Quebec Premier Francois Legault and Andrew Furey, Premier of Newfoundland and Labrador, shake hands after signing a memorandum of understanding during an announcement in St. John's, on Dec. 12.Paul Daly/The Canadian Press
Geography made them neighbours, but history has long prevented them from becoming friends. A long-standing border dispute between Quebec and Newfoundland and Labrador – settled by Britain’s privy council in Newfoundland’s favour – first soured the relationship more than a century ago. But it was the 1969 contract that has seen Hydro-Québec pay a pittance for power from Churchill Falls that turned that mutual resentment into rancour.
On Thursday, Quebec Premier François Legault and his Newfoundland counterpart, Andrew Furey, took a giant step toward ending the hostility between their provinces with a deal that would see Hydro-Québec significantly increase the sum it will pay for 4,800 megawatts of power from the Churchill Falls project in Labrador between 2025 and the current contract’s expiry date in 2041.

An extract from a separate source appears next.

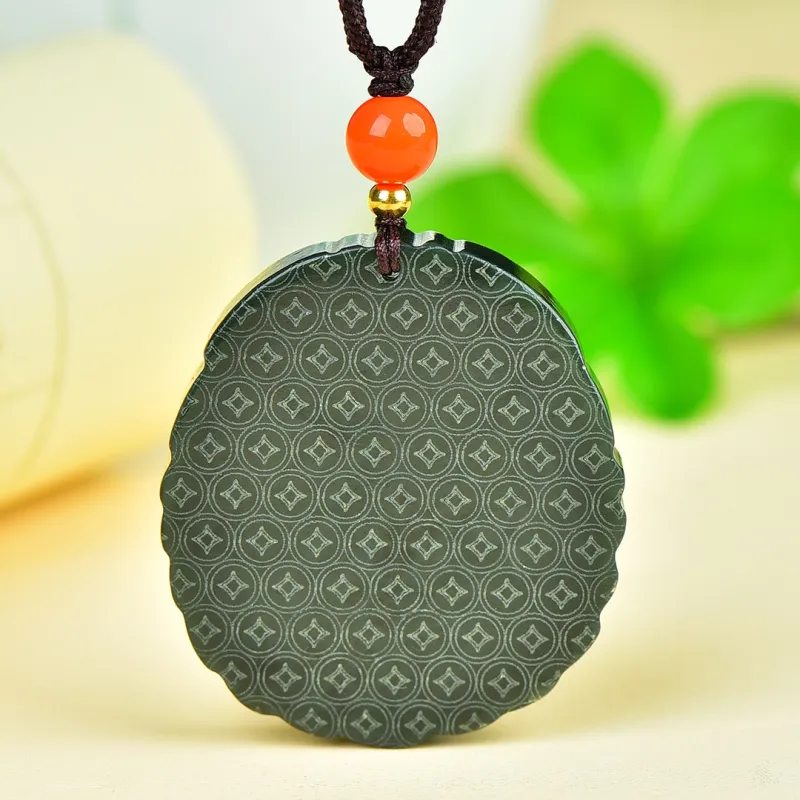 Jing Ruyu Hetian Jade Necklace With Jade Pendant Green Jade Unisex-5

The new deal would allow Newfoundland to pocket about ten times the amount – or an extra $9-billion over 16 years – it would earn under the existing contract.
Under the agreement in principle signed by the premiers, which would extend the term of the current power-purchase contract to 2075, Hydro-Québec would pay an average of two cents a kilowatt-hour for Churchill Falls power between 2025 and 2041, compared with 0.2 cents under the existing contract. The price would rise to seven cents after that, though Hydro-Québec estimates its average price over 50 years at four cents a kwh.
In exchange, Hydro-Québec would become the “project lead” on $25-billion worth of new hydro developments on the Churchill River, totalling 3,900 MW in capacity.
The Quebec utility, which has been scrambling to identify new renewable power sources to meet a 50-per-cent increase in projected electricity demand by 2050, would purchase 90 per cent of the power from the additional sites at a price of 11 cents per kilowatt-hour. It would also be responsible for 90 per cent of any cost overruns on the proposed new hydro developments.
Hydro-Québec chief executive officer Michael Sabia, who led the negotiations on behalf of the Quebec government, insisted the agreement is a good one for the utility, even though the additional $9-billion it will pay for Churchill Falls power by 2041 will eat into the utility’s profits and lead to higher rates for its customers
“If you look at what is happening [to electricity prices] in some U.S. states, if somebody tells me I can get that quantity of electricity for four cents for the next 50 years, I’m going to grab that,” Mr. Sabia said, referring to the much higher costs facing U.S. utilities.
“The passage of time is not Quebec’s friend. Every year that goes by between now and 2041, our leverage with [Newfoundland] goes down.”
Mr. Sabia, who moved to the top job at Hydro-Québec in mid-2023 after a 30-month stint as deputy finance minister in Ottawa, stressed that the negotiations with Newfoundland and Labrador Hydro CEO Jennifer Williams “were undertaken as business discussions.” There was no explicit goal to make up for what Mr. Legault himself last year said had become “a bad deal” for Newfoundland as market prices for electricity spiked after 1969.
Mr. Legault and Mr. Furey must now sell the new Churchill Falls deal to their respective constituents, including several Indigenous communities, before a definitive binding agreement between the two provinces is struck.
Of the two, Mr. Furey faces a bigger near-term challenge, with a provincial election scheduled in late 2025. He will need to persuade Newfoundland voters that their province is not getting once again fleeced by Hydro-Québec, which had for decades refused Newfoundland’s demands to renegotiate the 1969 contract. The deep bitterness and distrust that many Newfoundlanders feel toward Hydro-Québec remains a huge obstacle Mr. Furey must overcome.
For Mr. Legault, whose popularity has plummeted since he won a second term in 2022, the agreement is an early Christmas gift for his beleaguered government. He has been facing questions about leadership; this deal allows him to show it.
Quebeckers have grown accustomed to seeing cheap hydropower as their birthright, with per capita electricity consumption that is almost twice the national average. The prospect of energy scarcity has rarely crossed their minds. Yet, that is what the province could face as demand soars and climate change leads to more variable water levels in Hydro-Québec’s vast reservoirs.
Locking in Churchill Falls power for another five decades and securing access to additional megawatts from new developments in Labrador would go a long way toward ensuring that Quebec remains an attractive location for electricity-intensive industries, including aluminum smelting and battery manufacturing.
A final deal would also help Mr. Legault cement his political legacy in a province that often judges its premiers by how well they manage the hydro file.
And it just might enable Quebec and Newfoundland to finally call themselves not just neighbours, but friends.